Action item: For this listing, reproduce the line with "Carte D'accompagnement Insérez", the line with "MA license plate 202BG6", and the lines between, exactly as they stand. Leave out pictures and all other lines.

Extracted data:

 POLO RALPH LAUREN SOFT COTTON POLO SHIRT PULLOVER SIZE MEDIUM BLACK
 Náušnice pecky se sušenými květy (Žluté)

---

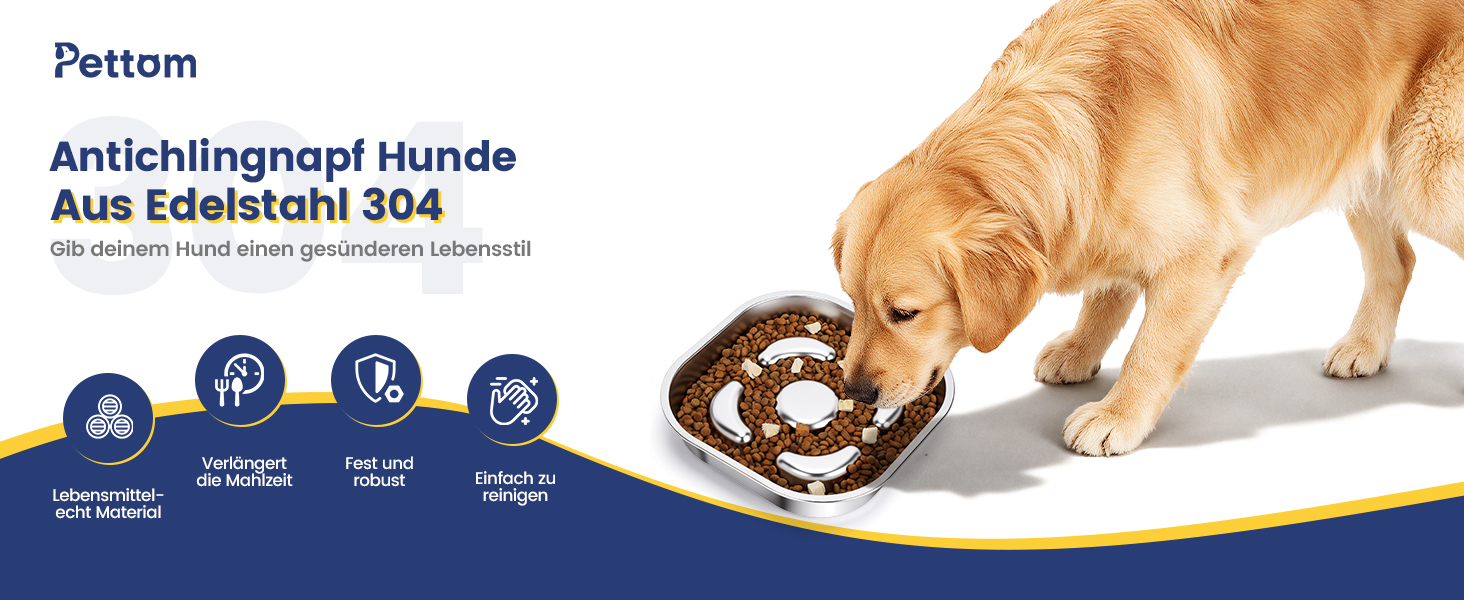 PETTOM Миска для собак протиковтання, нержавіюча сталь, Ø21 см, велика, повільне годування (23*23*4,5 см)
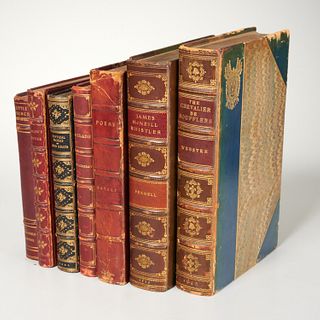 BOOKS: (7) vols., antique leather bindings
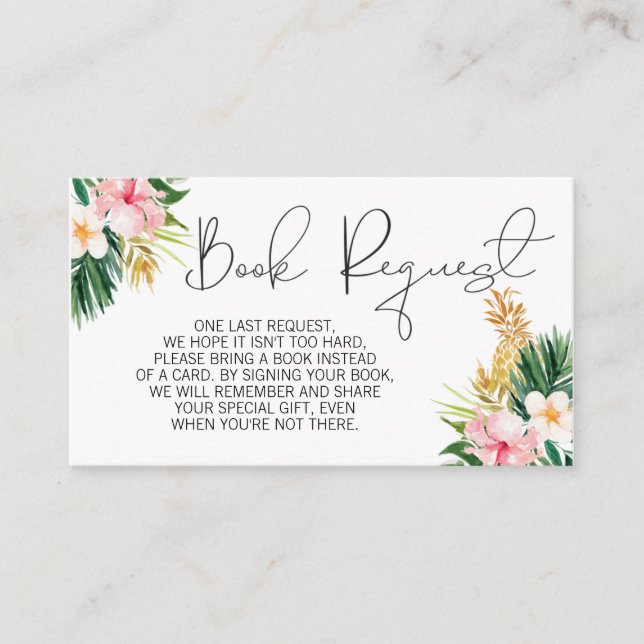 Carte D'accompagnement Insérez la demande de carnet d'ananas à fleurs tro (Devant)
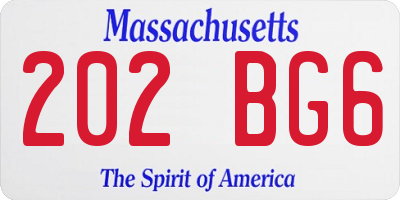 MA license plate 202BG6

==

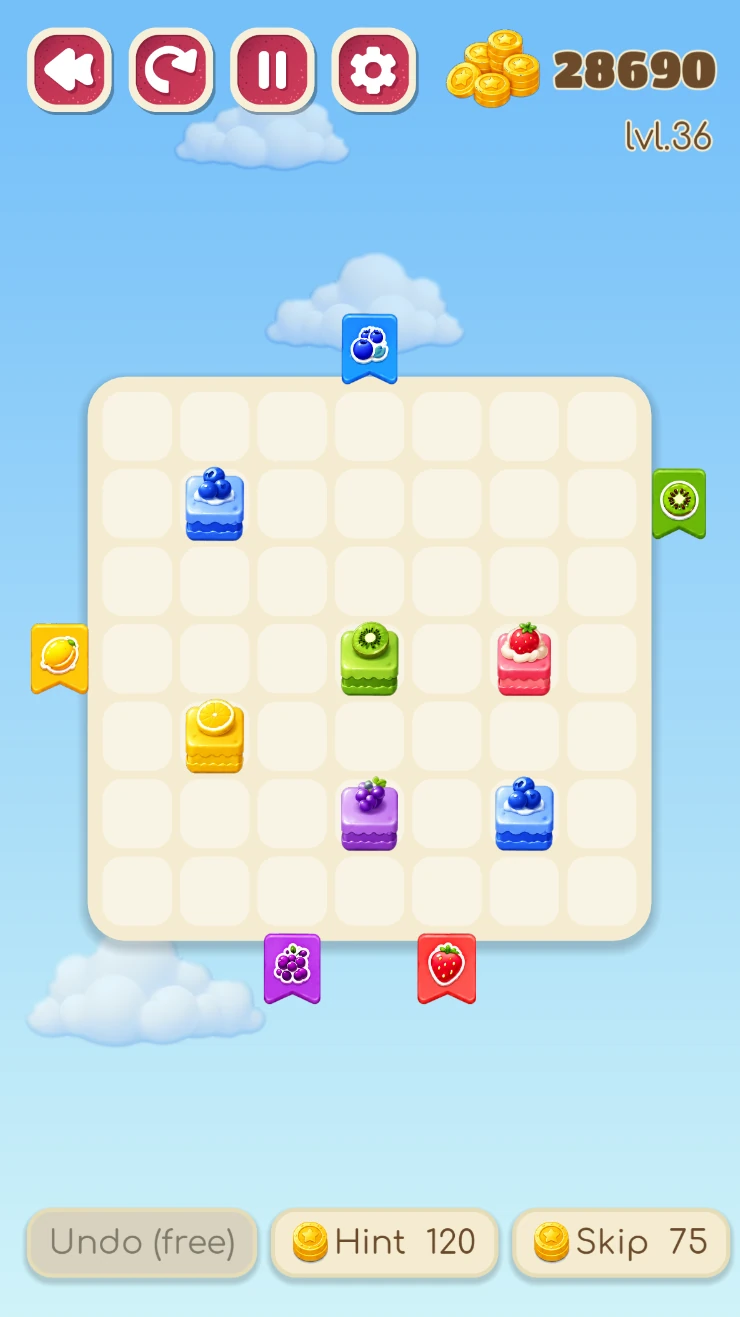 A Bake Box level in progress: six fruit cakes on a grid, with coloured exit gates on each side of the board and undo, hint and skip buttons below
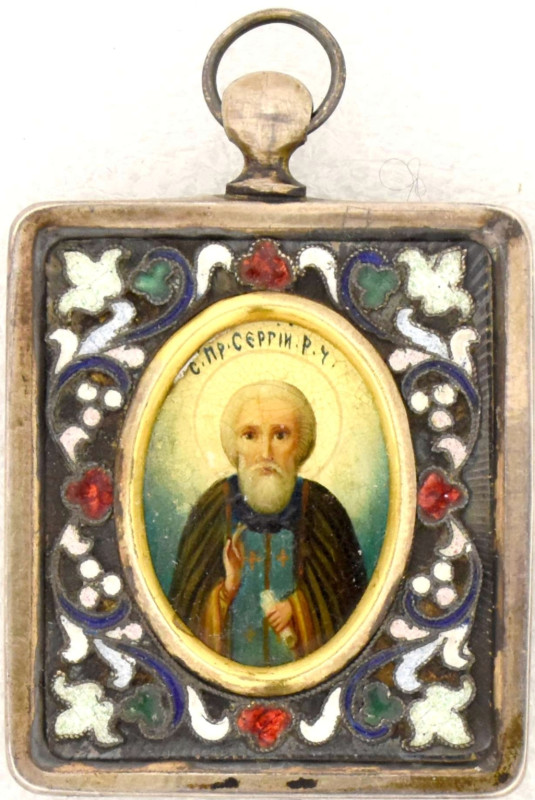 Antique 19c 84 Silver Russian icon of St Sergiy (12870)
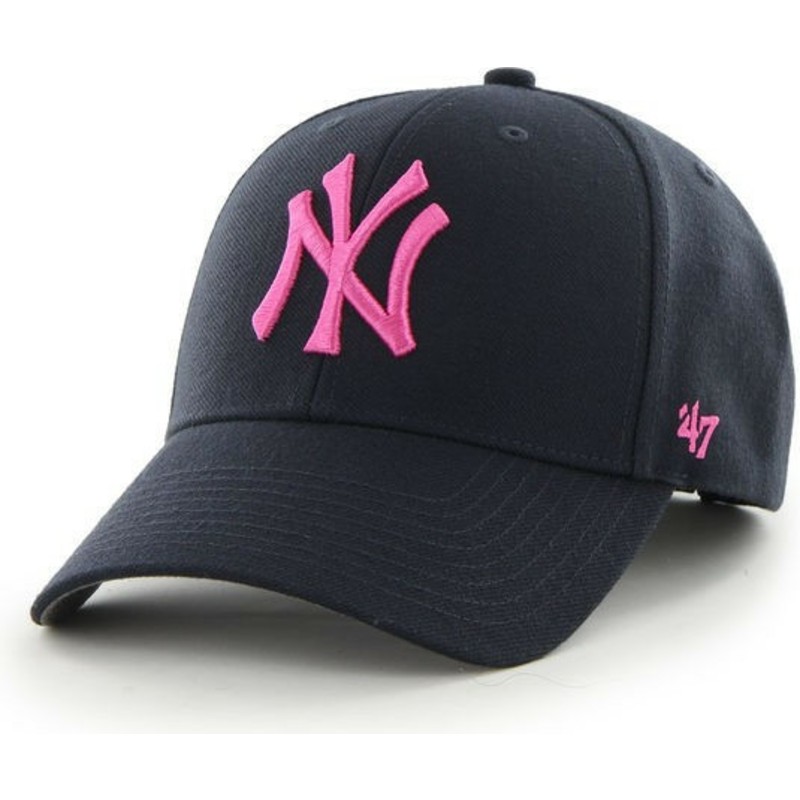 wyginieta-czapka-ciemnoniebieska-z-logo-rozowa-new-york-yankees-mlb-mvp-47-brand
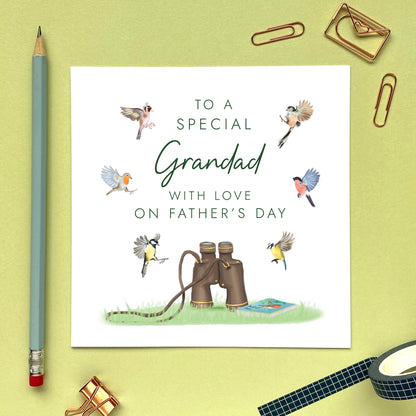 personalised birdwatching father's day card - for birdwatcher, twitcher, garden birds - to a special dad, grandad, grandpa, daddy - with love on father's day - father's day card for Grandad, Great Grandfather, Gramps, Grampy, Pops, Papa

Answer for this exercise:
 Carte D'accompagnement Insérez la demande de carnet d'ananas à fleurs tro (Devant)
 MA license plate 202BG6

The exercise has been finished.